If you’re like me, you’re both skeptical of and tantalized by new words and phrases that come into popular usage, or by existing verbiage that seems to have acquired new meanings virtually overnight. You’re skeptical because you sense that these terms may be superfluous. They may be treading on the semantic territory associated with long-established terms that everybody understands. That’s certainly the case with “curation” in a data context. It feels suspiciously close to “stewardship” in its focus on human assessment of the value of information. One senses that people rarely stop to parse fine definitional distinctions, if any, between curation and this older term.

But you may also be attracted to this new term, sensing that it serves a purpose that “stewardship” has never addressed adequately. For me, the best way to disambiguate near-synonyms is to match up what they connote on various levels. In the case of “curation” vs. “stewardship,” we should compare how they address the critical function of helping users take confidence in information’s actionability based on various criteria of its quality.

Where stewardship is concerned, the primary quality criterion is data’s trustworthiness. This is manifest in the larger notion of a “single version of truth” in various application domains. This, in turn, refers to the need for a repository where officially sanctioned systems of record are consolidated after they’ve undergone a process of profiling, matching, merging, correction and enhancement. The repository is often called a “data warehouse.” The data in question is usually from structured sources only, or, if from multistructured sources as well, is usually transformed to a structured, relational format before being loaded into the data warehouse. Stewardship is the process of overseeing and enforcing this end-to-end process in accordance with policies defined by data’s owners. The stewardship function is often primarily an administrative workflow that may be automated to a great degree, with human judgment’s role primarily in adjudicating the application of policies to new, exceptional or anomalous data records.

By contrast, curation addresses the data quality criterion of relevance. Consequently, curators might be regarded as being responsible for a “single version of what’s worthy of your consideration.” Curated information may be persisted in any downstream, shared data platform in which users expect to find all (or perhaps a convenient subset) of what’s relevant to a particular application domain or usage scenario. The repositories in which curated information is kept are not usually official systems of record, but, rather, systems of insight, in the broader sense of the latter.
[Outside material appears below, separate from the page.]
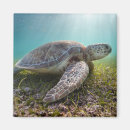 Recherche de tortue mer magnets Sable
With systems of insight, the data that drives insights may incorporate sources with varying degrees of trustworthiness and relevance. This means that on some data types and sources, there may be no firm assurance that all or any of the curated information is up-to-date, consistent or correct. This governance-light curated information is often from multistructured sources and is often persisted in its original formats as it’s persisted downstream. Due to the fact that much of the curated data is from unstructured sources, it may often reside and be consumed in big data analytics platforms.

Fundamentally, curation refers to participation in this process as a subject matter expert who discovers, reviews, refines, analyzes, organizes, selects, tags, contextualizes and recommends relevant information. Curators generally aren’t typically the data’s owners, and are often distinct from the stewards who administer the trustworthiness policies and procedures regarding official system-of-record data. Also, curators tend to exercise human judgment to a high degree and share out their content recommendations in collaborative and social contexts, albeit with various degree of automated guidance. This is in contrast to the structured administrative workflows associated with data stewardship.

All of this discussion should help you understand how IBM is defining “curation” as implemented in the new offering Watson Curator, recently announced at IBM Insight 2014. Watson Curator is “a software-as-a-service offering that increases confidence in the delivery of quality content collections and governance for IBM Watson Solutions. For example, an individual insurance risk analyst can quickly review and add context to documents so that many underwriters across the enterprise can get higher quality responses on risk assessments from Watson Engagement Advisor. IBM Watson Curator actively guides subject matter experts (in this case the risk expert) through the entire curation process in order to minimize the time and effort required. This capability improves the relevance and quality of the information used for analytics.”

Clearly, the curator in this hypothetical example (an insurance risk expert) is not usually the same individual who handles stewardship over policyholder data. Nor should they be. Instead, the curator is someone who is closer operationally, and in professional background, to the business outcomes that can be realized more effectively through expert-contextualized policyholder data. The curator relies on the steward to ensure that the data to be contextualized is current, correct and consistent. And they both rely on data archivists to make sure that all information that’s been officially curated and cleansed is retained for as long as necessary in accessible, queryable databases.

Curation, like stewardship and archiving, needs to be instituted as a collaborative function in most data analytic environments. You can’t curate data effectively if the data is messy beyond all belief. And you can’t clean it up or assess its full relevance of the data simply isn’t there anymore.